Sadrian purchased the 8-year-old Holsteiner (Quirado—Utah III) two years ago when he was competing in the first year green hunters with John French. That pairing won the championship at the Washington International (D.C.), and Sadrian planned to take over the reins for the following season. But before she was able to start riding him, he injured himself in the paddock and had to sit the year out to recover. Sadrian, now living in Summit, N.J., just started showing him this winter in Florida.
“He’s a horse of a lifetime,” said Sadrian. “I’ve had some amazing horses. I’m very lucky. He’s pretty cool.”
Ingram Achieves Elusive Challenge Win
Martha Ingram is no newcomer to Capital Challenge. She’s been competing at the horse show since her pony days, but this year marked the 20-year-old’s first trip to the Prince George’s Equestrian Center as an amateur.
“I get to show with my dad and all of the amateurs are so nice and such good sports,” she said. “The horses are of top quality; you really have to be on top of your game if you want to do well here.”
The Ingrams purchased Lyons Creek Bellini, an 11-year-old Polish Warmblood, in 2015, but this was his first time at Capital Challenge. He and Ingram have won consistent ribbons since beginning their partnership and the highlight of their year was a champion and grand champion win in the low amateur-owner, 18-35, division at Devon (Pa.)
“I hadn’t been champion or reserve or anything so that was really rewarding,” Ingram said. “[Devon is] one of my favorite horse shows. It was really awesome to be able to do that.”
Ingram has always sought a challenge win but it evaded her through the medium pony and junior hunter divisions. The long-awaited win was made especially meaningful because of Ingram’s partnership with Bellini.
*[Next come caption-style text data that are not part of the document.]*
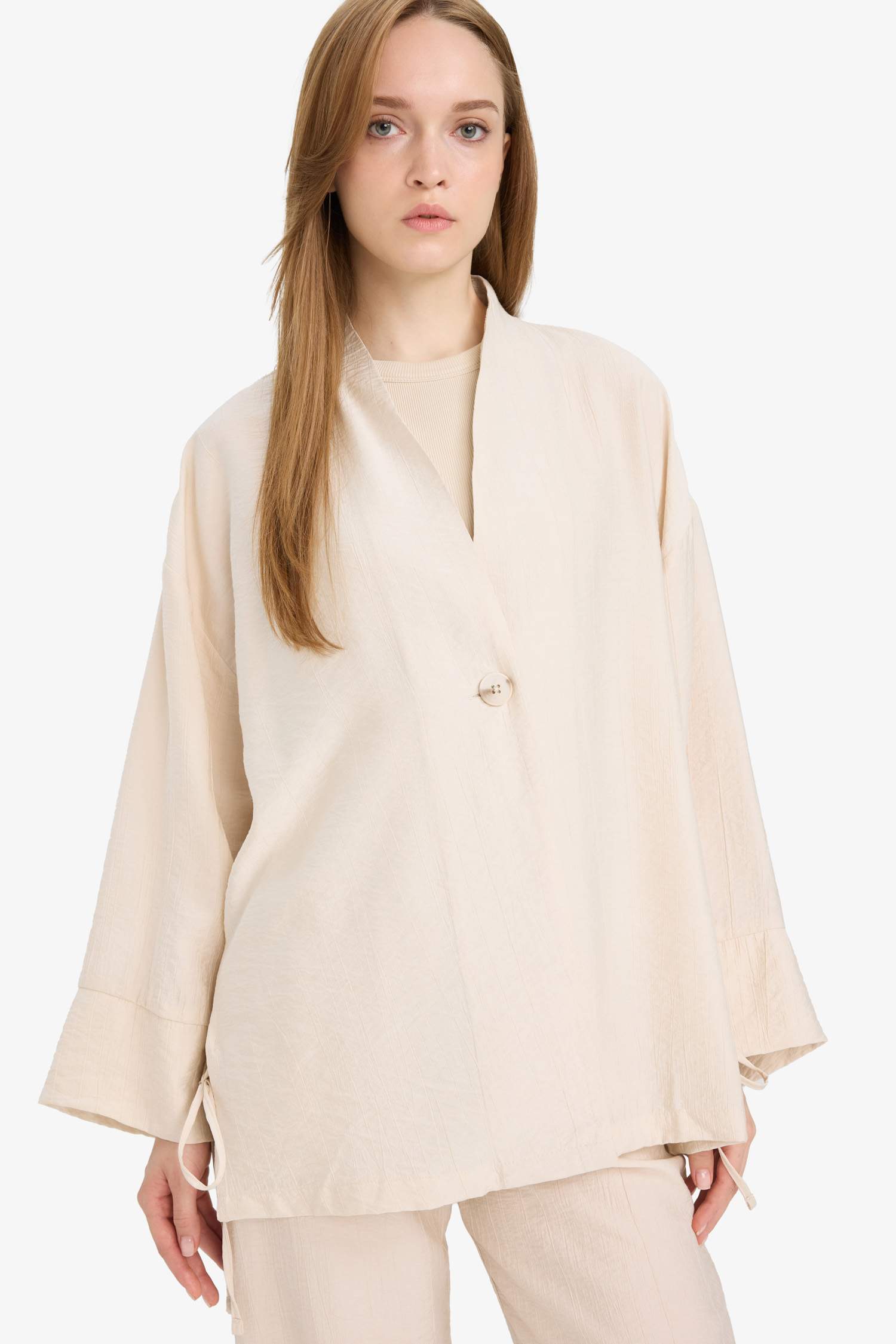 Relax Fit Crinkle Fabric Long Sleeve Tunic
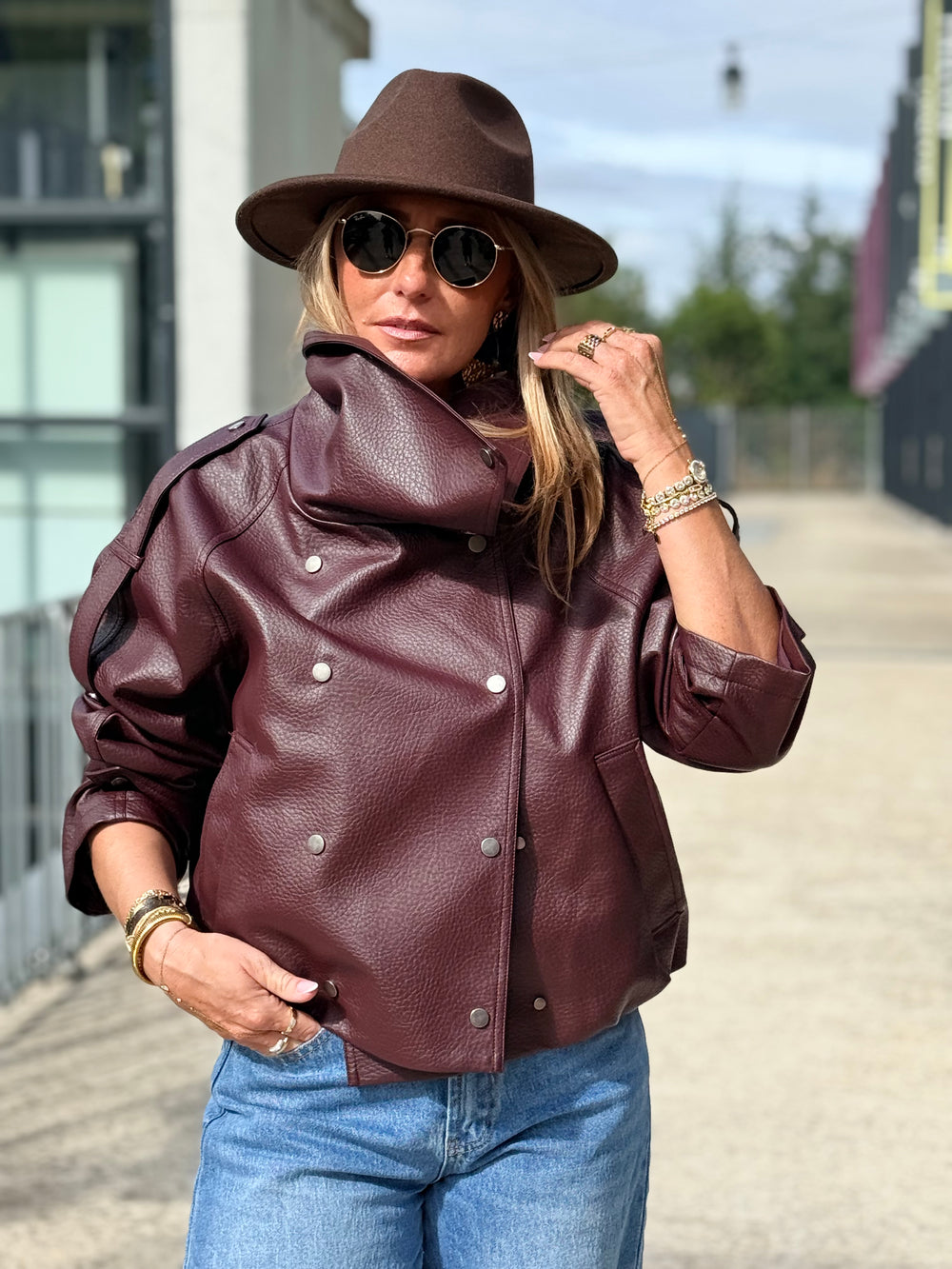 Veste similicuir grand col 8845 Bordeaux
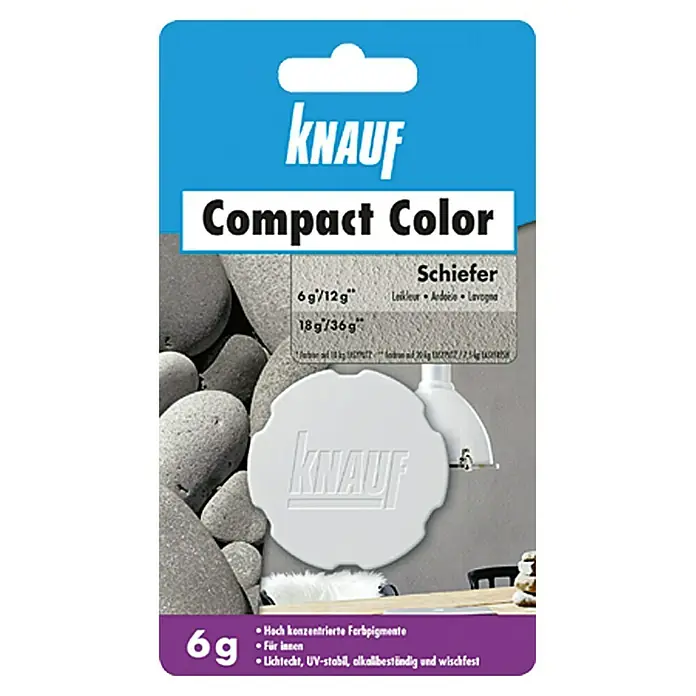 Knauf Putz-Abtönfarbe Compact Color - Schiefer, 6 g - Vorderansicht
“[Bellini] is one of the smartest horses I’ve ever had,” Ingram said. “He knows when it’s game time. He loves his treats. You probably heard him whinnying in the victory gallop. He likes to announce himself in the ring. I couldn’t have asked more of him today.”
Ingram balances her show schedule with full-time academics. She attends Furman University (S.C.) and is considering pursuing a degree in political science. She does not ride at school in favor of focusing on her studies, but she occasionally makes weekend trips home to Nashville, Tenn., that include saddle time.